Peckham Rye Playgroup’s home is a colourful one, all painted red brickwork, blue flowers and psychedelic snails. But the Teletubbies waving gleefully from the side of the hut give little clue as to its darker past; it used to be a Prisoner of War camp.
During the second world war, British forces took over 130,000 Italian soldiers prisoner, mainly from battlegrounds in North Africa. At the same time, Britain was suffering labour shortages back home, due to the number of men who were away fighting, or who has already died.
So the Italian PoWs were transported to Britain where they were put to work in clearing and reconstructing buildings damaged by bombs, as well as in agriculture.
At least four huts were built on what is now Peckham Rye Park to house some of these PoWs, who were put to work in agriculture. The surrounding land was used to grow vegetables and raise pigs and chickens.

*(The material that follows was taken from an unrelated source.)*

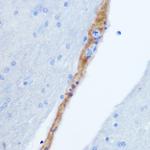 Bombesin Antibody in Immunohistochemistry (Paraffin) (IHC (P))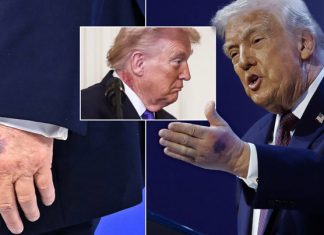 Novi zdravstveni izvještaj o Trumpu: Ljekari otkrili zbog čega ima modrice i otečene noge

The camp was an open PoW camp, meaning the prisoners were free to come and go. Locals have shared memories of seeing them out and about on Rye Lane, marked out by certain symbols on their backs. They did, however, have a curfew at night, and the camp was surrounded by barbed wire.
The Italian PoWs were joined by German PoWs later in the war.
The breeze block building, with its red tin roof, looks somewhat out of place on the edge of Peckham Rye Park, nestled among the trees and the more natural-looking cafe building. It’s the only surviving PoW hut on the site. Others were used as storage facilities and changing rooms until they were demolished in 2009.
Today, an information board outside the remaining hut gives a bit of the history, including photos of the other huts before they were demolished.